Tuesday 19 June 2012

The Truth Hurts

If you do not like to hear the truth or if you cannot take positive criticism, please do not read any further. For the past two weeks I have restrained myself from commenting on the current happenings in South Africa but it reached a point where I could not keep quiet anymore after I read the DA commentary on Zille’s ‘edu-refugee’ tweet. In South Africa the truth might sound racist but it is not. So here is my last warning if you do not like to hear the truth with regards to the current situation of the majority of South Africans, PLEASE DO NOT read any further.

By now most of you of know the tweet of Zille which referred to black pupils from the Eastern Cape as ‘edu-refugees’ and you must have heard of the ‘racial wars’ in Grabouw in the Western Cape. Whilst the DA and ANC is busy fighting over the definition of ‘refugee’ the real issue is overlooked.

My last two posts addressed the issue of intellectual decolonization and the oppressed mind-set of ‘liberated’ South Africans. What is currently happening is a great example of this ‘mental enslavement’ of majority of South Africans.

Let me contextualised Zille’s tweet. Her tweet was in response to the ‘racial wars’ in Grabouw. There was a clash between the ‘black’ and the ‘coloured’ communities over an overcrowded school. The one community wanted to burn the school down whilst the other did not want to burn it down. The bottom-line is both communities were wrong because before resorting to violence as the answer there are other ways of dealing with the situation. Both parties want the best education for their children and that was the issue that was supposed to be discussed and not fighting one another over the method of dealing with the situation.

The sad part is two previously disadvantage groups are fighting over a service that they were denied during apartheid; a historical fact that both Zille and her cabal conveniently overlooked. This situation also brought another issue to the fore; ‘white’ people do not want to take responsibility for the mess that was created during apartheid. They were the beneficiaries during apartheid and still is today. What most people do not understand about apartheid is that it was an ideology that was created to make ‘white’ people that sole beneficiary of whatever economic output.
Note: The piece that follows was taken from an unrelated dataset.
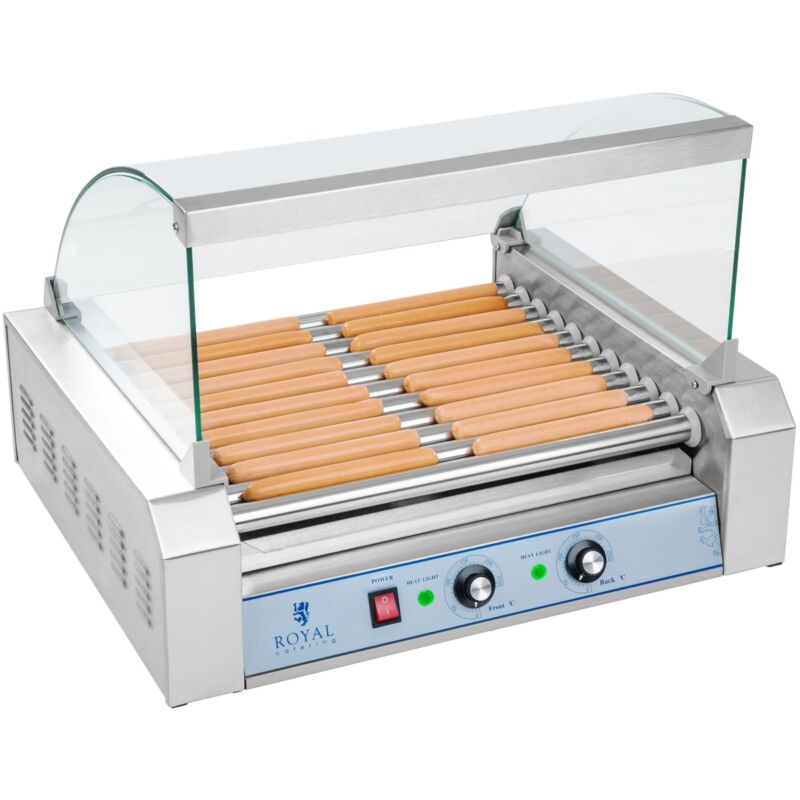 Royal Catering - Hot Dog Maker Hot Dog Grill Gerät Hotdog Rollen Grill Edelstahl 11 Rollen 2200 w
For any ideology to be effective it needs to institutionalise physically and mentally. What happened in 1994 is a half done liberation process. The ANC was unable to remove all of the institutional features of the apartheid ideology and that is why the majority of South Africans are “held captive within the economic and cultural structures of … [apartheid]” (Dr Chinweizu, 2007)). What happened in 1994 according to Dr Chinweizu is the following: “On each country’s ‘independence day’, it simply moved from being ruled and exploited for imperialism by white expatriate colonialists to being ruled and exploited for imperialism by black comprador colonialists.” What I am trying to show is that the ANC was unable to remove all of the structures apartheid.

The solution in Grabouw was simple, instead of looking towards the state for a solution for the overcrowded school in Grabouw, the farmers of the area was supposed to take the responsibility of building a bigger school for the children of their farm workers. Remember they introduced ‘Bantu education’ and benefitted years from the cheap labour from the Eastern Cape, so it is now their responsibility to give back what they got from disadvantaging others.

The second issue at hand is the DAs subtle racism. It is sad that they deny it and is completely unaware of it. Unfortunately for them, Helen Zille this time around made a silly mistake by calling ‘black’ pupils from the Eastern Cape ‘edu-refugees’. At a subconscious level she still sees people who come from the Eastern Cape as ‘refugees’ from the Transkei ‘homeland’. We all know that during apartheid ‘black’ people needed a pass to enter the Western Cape. Maybe she see ‘black’ pupils from the Eastern Cape attending schools in the Western Cape carrying passes and this might explain why she called them ‘refugees’.

While I am on the issue of the Eastern Cape, Zille must remember that it was her fore-fathers that supported an apartheid South Africa. Many English ‘white’ South Africans do not want to take responsibility for apartheid but they easily forget that before apartheid was officially introduced by the National Party in 1948 the English laid the foundation for apartheid by forming the Union of South Africa without ‘black’ people.

Here is another fact that Zille conveniently forget, in the 1980s the Western Cape was declared as a Coloured Labour Preferential Area. The Coloured Labour Preferential Policy was created to attract cheap labour from the ‘homelands’ to cities like Johannesburg and Cape Town. When the Western Cape was declared such an area and many South Africans from Transkei came to the Western Cape in search for work. This allowed farmers to access cheap seasonally labour.

If we consider all of this why is it so difficult for Zille to apologise and accept that she offended the majority of South Africans? I am also suggesting that Zille who obvious speak from a privilege background to understand that she cannot utter racial condescending statement and then go about blaming the ANC where she and her fore-fathers was the cause of it all. It is time for the beneficiaries of apartheid to take responsibility for the mess of apartheid, and not only by apologizing and say that “we were wrong” but through sharing some of the resources they gained through disadvantaging ‘blacks’ during apartheid.